- **Data provided**:
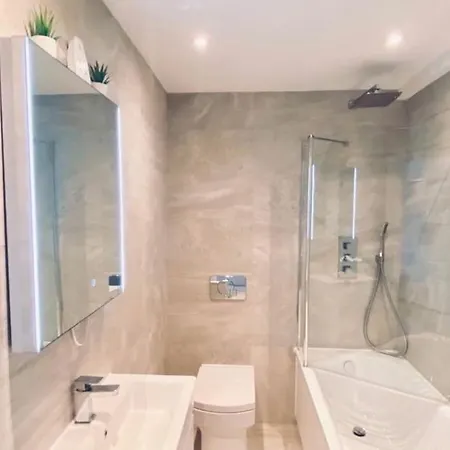 Shoreditch / Brick Lane - Studio * London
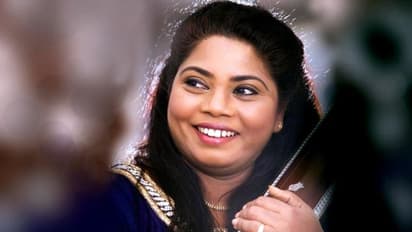 വീണ്ടും കേള്ക്കാന് കൊതിക്കും മിന്മിനിയുടെ ഈ 'യമുനയാട്രിലേ', വീഡിയോ കാണാം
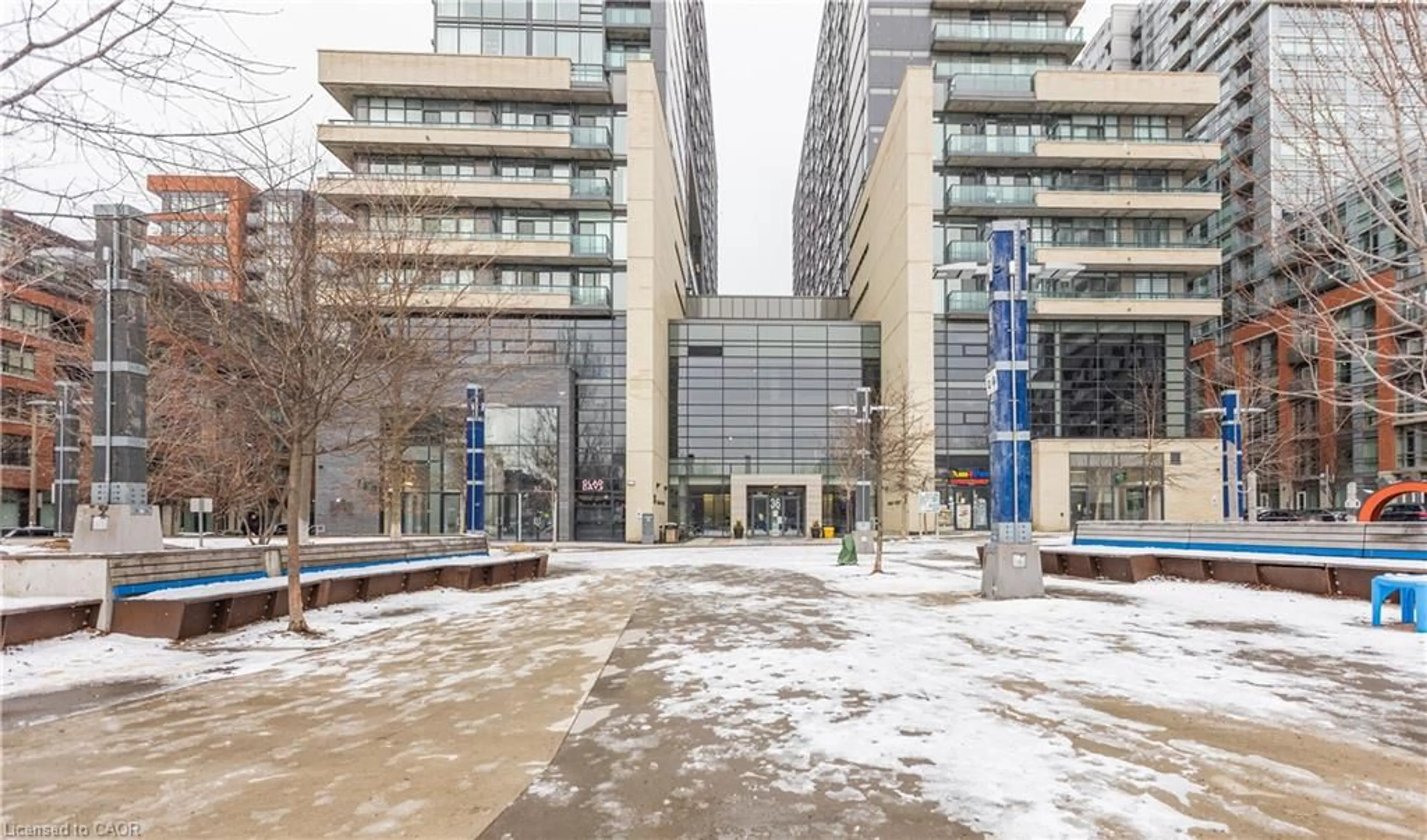 Indoor foyer for 36 Lisgar St #825, Toronto Ontario M6J 0C7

- **Exercise details**: Exact copy, no pictures: please print the data above once more.

- **Task answer**:
 Shoreditch / Brick Lane - Studio * London
 വീണ്ടും കേള്ക്കാന് കൊതിക്കും മിന്മിനിയുടെ ഈ 'യമുനയാട്രിലേ', വീഡിയോ കാണാം
 Indoor foyer for 36 Lisgar St #825, Toronto Ontario M6J 0C7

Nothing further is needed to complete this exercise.